Learning to Rank for Information Retrieval and Its Related Applications
Information retrieval has made significant progress in retrieving relevant results for user information need. How to retrieve relevant information more accurately has been one of the important topics in the communities of information retrieval and machine learning. In this talk, I will briefly describe the problem of learning to rank, and share my experience of how to design a learning-based ranking algorithm for the problem. In addition, I will also introduce some related applications to which the learning to rank techniques can be applied, including machine translation, object search, entity search, and recommender system. Furthermore, I will show some emerging search engines in the context of social networking environment.
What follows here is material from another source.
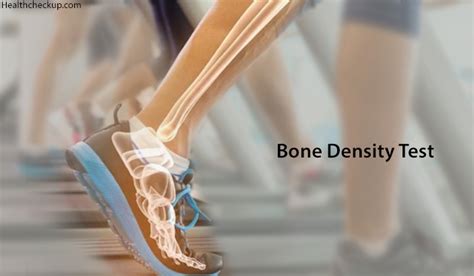 Bone Density Test Preparation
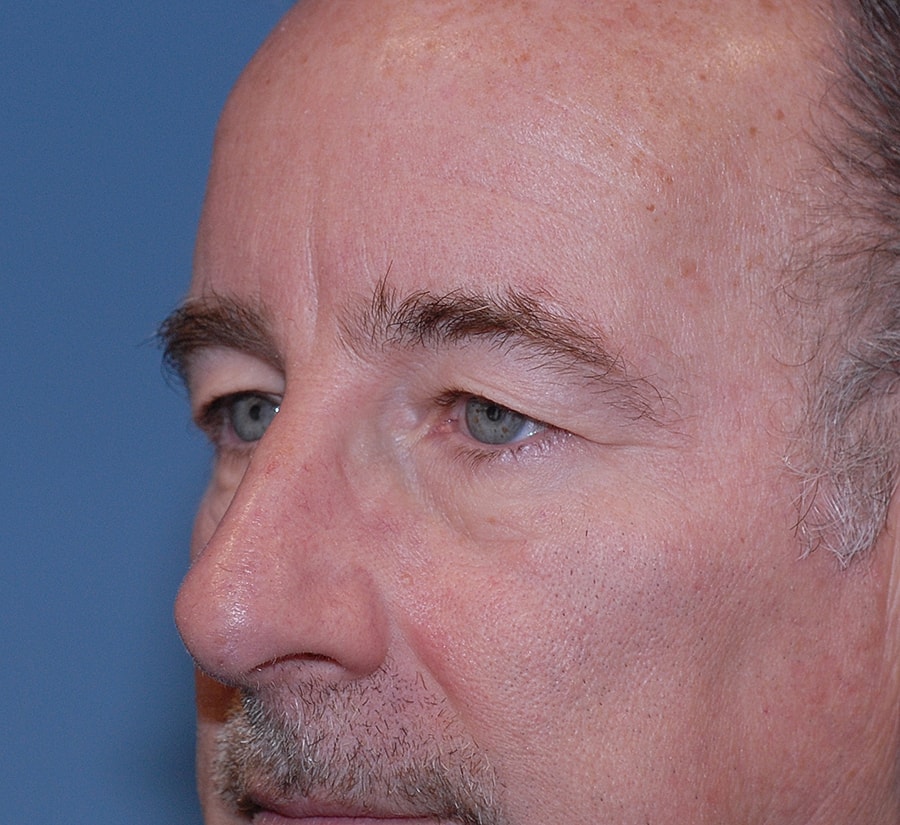 Blepharoplasty Before & After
Ming-Feng Tsai is currently an Assistant Professor in the Department of Computer Science at National Chengchi University. He received his Ph.D. degree from National Taiwan University in 2009. During his Ph.D. study, he was at Microsoft Research Asia as a visiting student with the Web Search & Mining Group, and was awarded by the research center the “Best Intern of the Year.” After receiving his Ph.D. degree, he worked at National University of Singapore as a Research Fellow, participating in a research project related to machine translation. In 2010, sponsored by National Science Council, he joined University of Illinois at Urbana-Champaign as a postdoctoral visitor, working on a project associated with advanced Web search and mining. His research interests span the area of information retrieval, machine learning, web search and mining, social network analysis, and natural language processing.